__Your objective__
Task for the records below: copy exactly, and only, the line containing "Base ronde à visser avec boule D" and every line after it to the end, with pictures left out.

__Data records__

>>

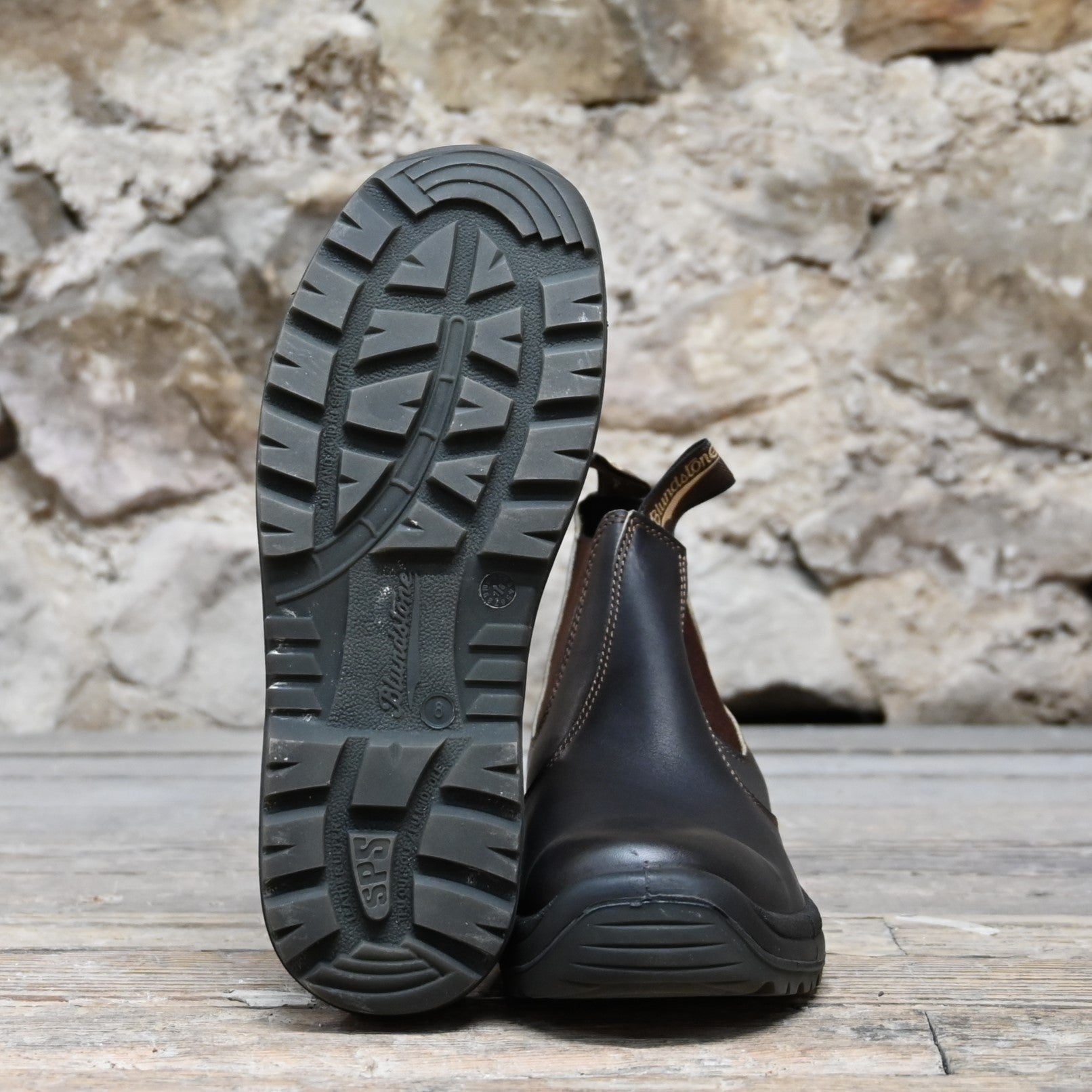 Blundstone slip-on work boot in brown oiled leather with steel toe and safety-rated outsole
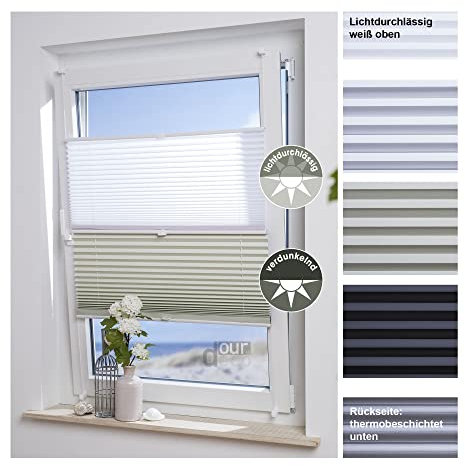 ourdeco® Kombi Doppel-Plissee / 40 x 130 cm beige/weiß/lichtdurchlässig, Blickdicht, verdunkelnd/Farben: Weiß-Weiß, Beige-Weiß/Klemmen=Montage ohne Bohren=Smartfix=Klemmfix-Plissee=Easy-to-fix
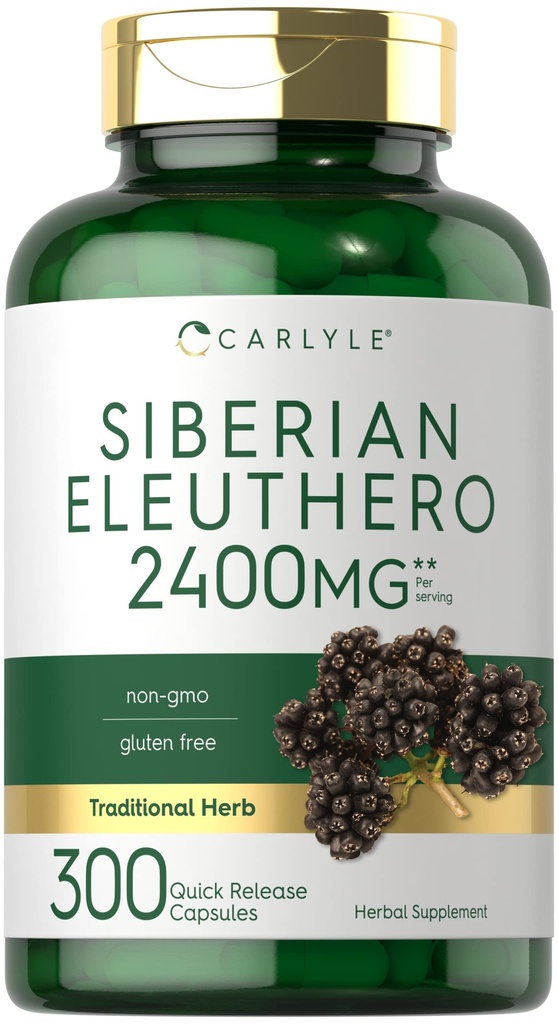 Carlyle Siberian Eleuther 124; 2400mg Supplium 124; 300 Kapsle 124; Non- GMO a gluten Free Formule 124; Sibiřský ženšen 124; Tradiční bylinný dodatek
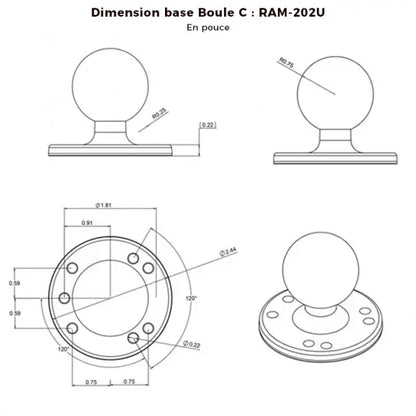 Base ronde à visser avec boule D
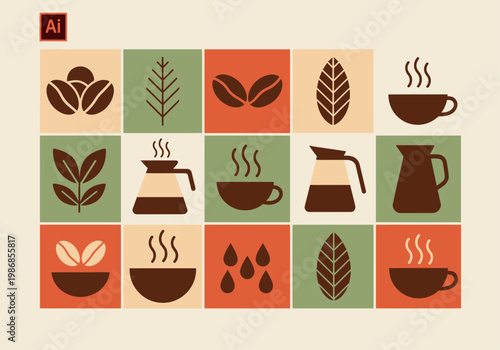 Minimalist Coffee and Tea Icon Set - Flat Vector Illustration of Coffee Beans, Steaming Cups, and Carafes in Earthy Tones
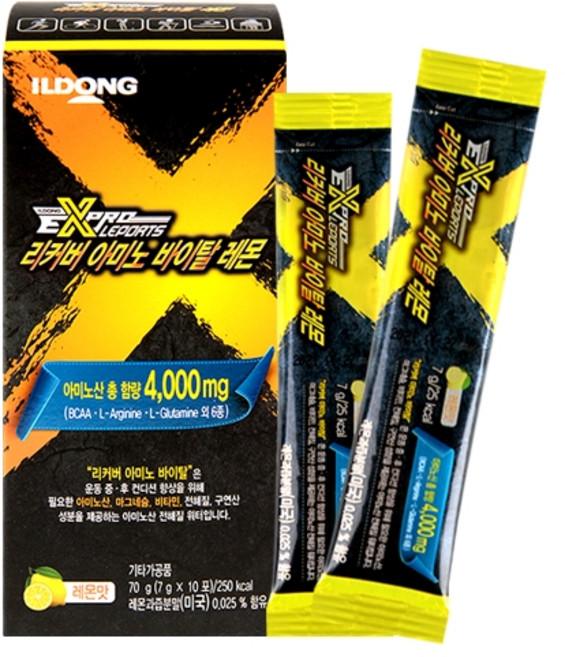 일동생활건강 리커버 아미노 바이탈 BCAA 단백질 보충 전해질 워터 레몬 7g x 10p, 3개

<<

__Worked solution__
 Base ronde à visser avec boule D
 Minimalist Coffee and Tea Icon Set - Flat Vector Illustration of Coffee Beans, Steaming Cups, and Carafes in Earthy Tones
 일동생활건강 리커버 아미노 바이탈 BCAA 단백질 보충 전해질 워터 레몬 7g x 10p, 3개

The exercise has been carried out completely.